ASSIGNMENT ▸
Reproduce, exactly and only, the lines of the data that follows from the one containing "Часы Женские Rolex 692918" down to the one containing "used 2021 Jeep", without pictures.

MATERIAL FOR THIS EXERCISE ▸
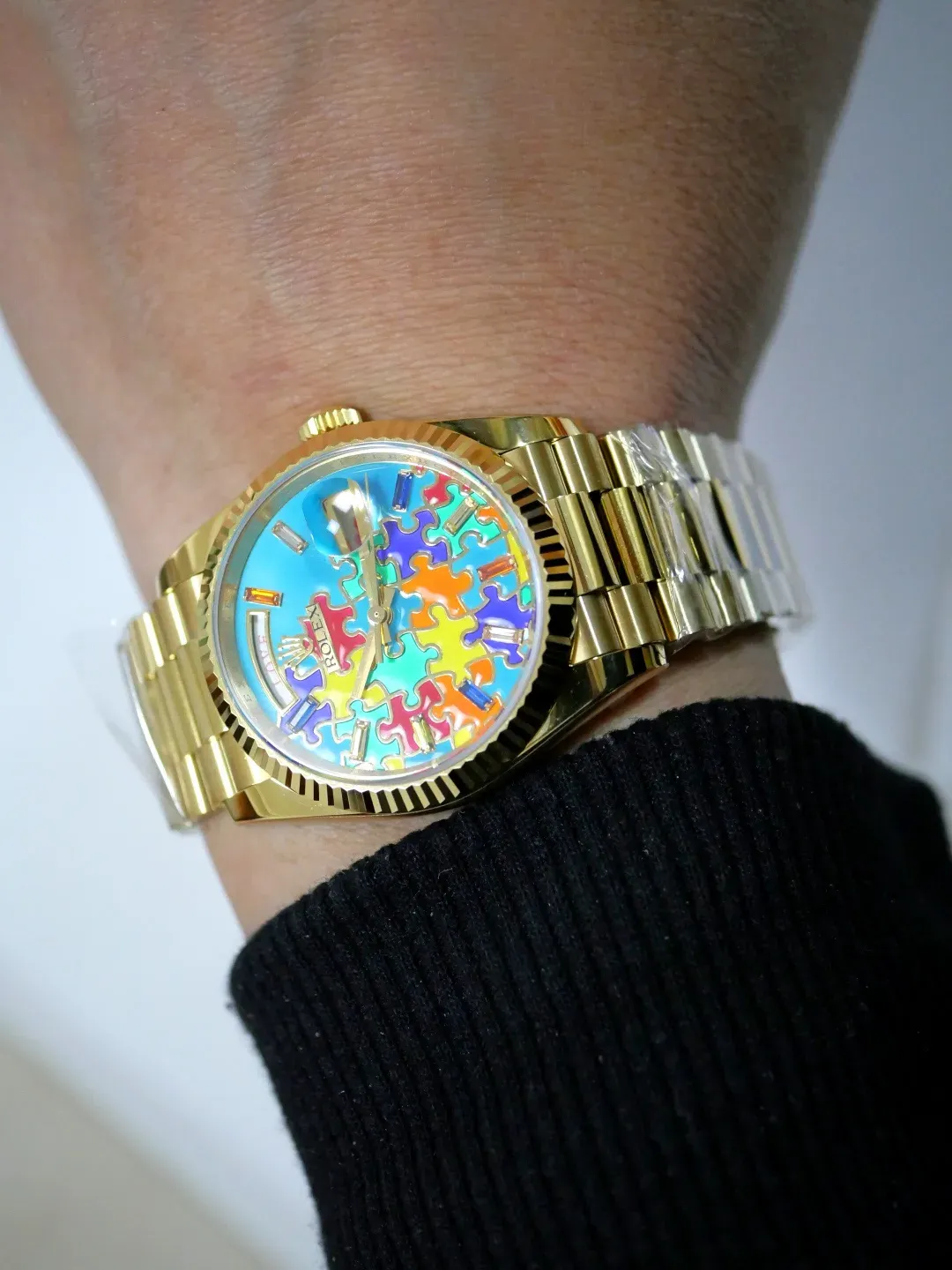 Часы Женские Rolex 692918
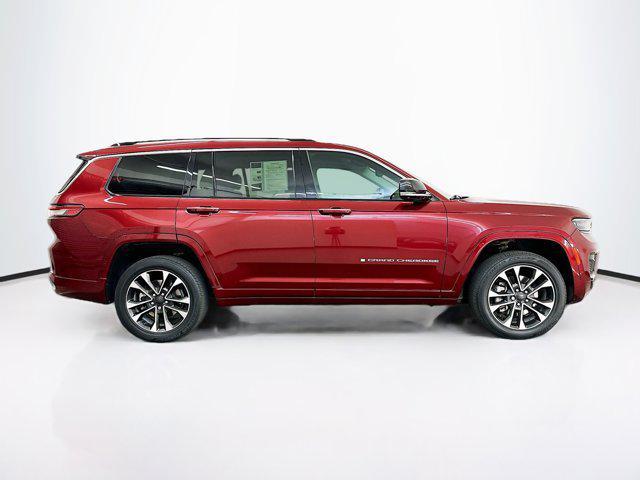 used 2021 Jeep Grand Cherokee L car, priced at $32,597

==

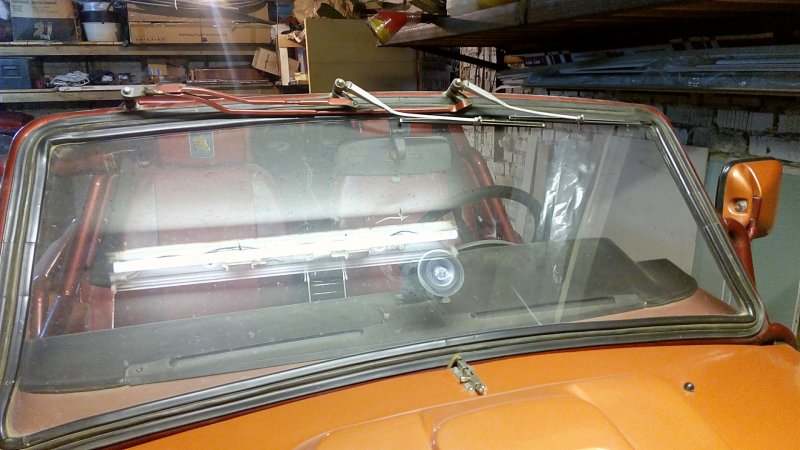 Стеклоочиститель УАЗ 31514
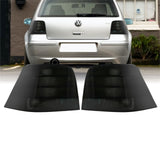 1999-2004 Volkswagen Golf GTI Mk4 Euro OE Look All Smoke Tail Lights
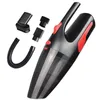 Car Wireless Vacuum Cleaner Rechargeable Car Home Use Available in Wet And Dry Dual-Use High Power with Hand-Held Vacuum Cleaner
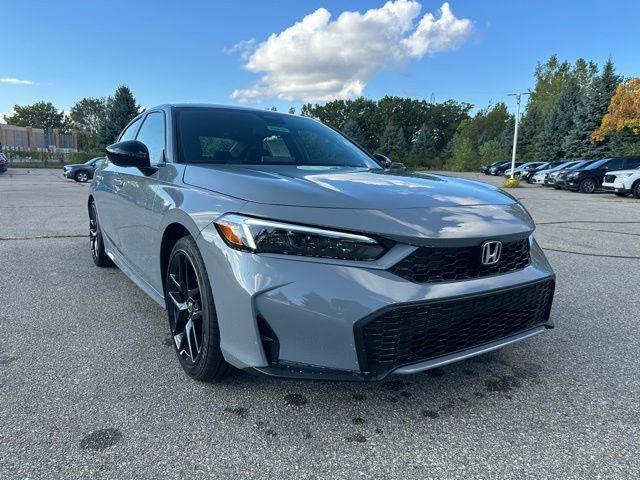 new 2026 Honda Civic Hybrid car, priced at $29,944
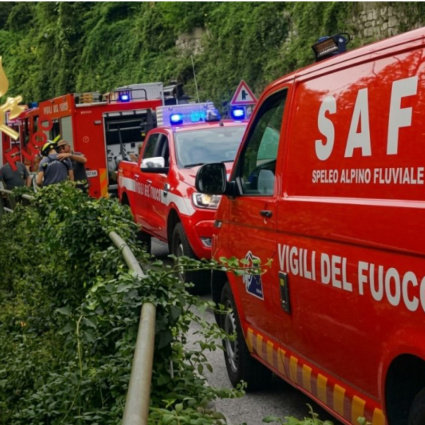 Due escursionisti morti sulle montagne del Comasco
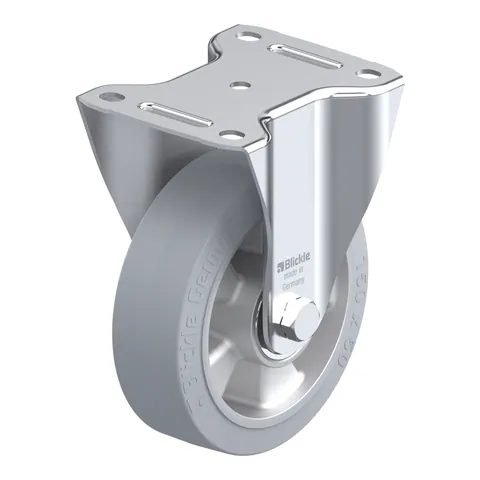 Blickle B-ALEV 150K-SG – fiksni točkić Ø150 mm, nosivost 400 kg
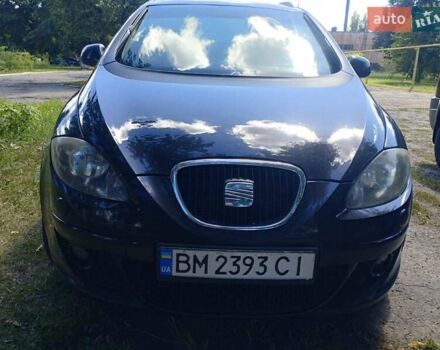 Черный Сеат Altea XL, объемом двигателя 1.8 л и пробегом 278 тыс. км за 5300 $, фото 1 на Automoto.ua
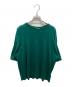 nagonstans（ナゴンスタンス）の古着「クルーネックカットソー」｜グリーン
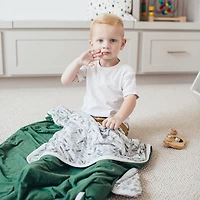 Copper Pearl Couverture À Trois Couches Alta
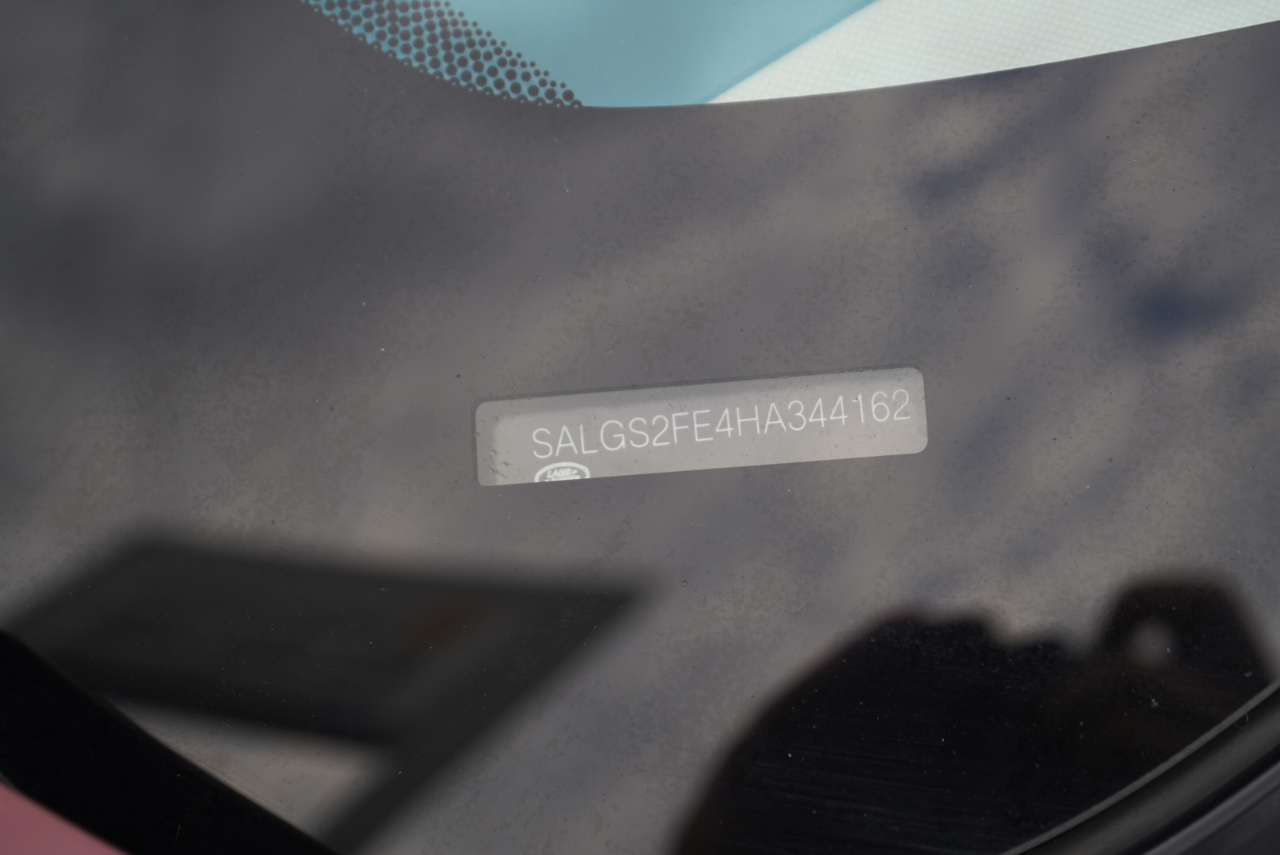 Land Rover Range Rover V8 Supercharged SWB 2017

SOLVED PROBLEM ▸
 Часы Женские Rolex 692918
 used 2021 Jeep Grand Cherokee L car, priced at $32,597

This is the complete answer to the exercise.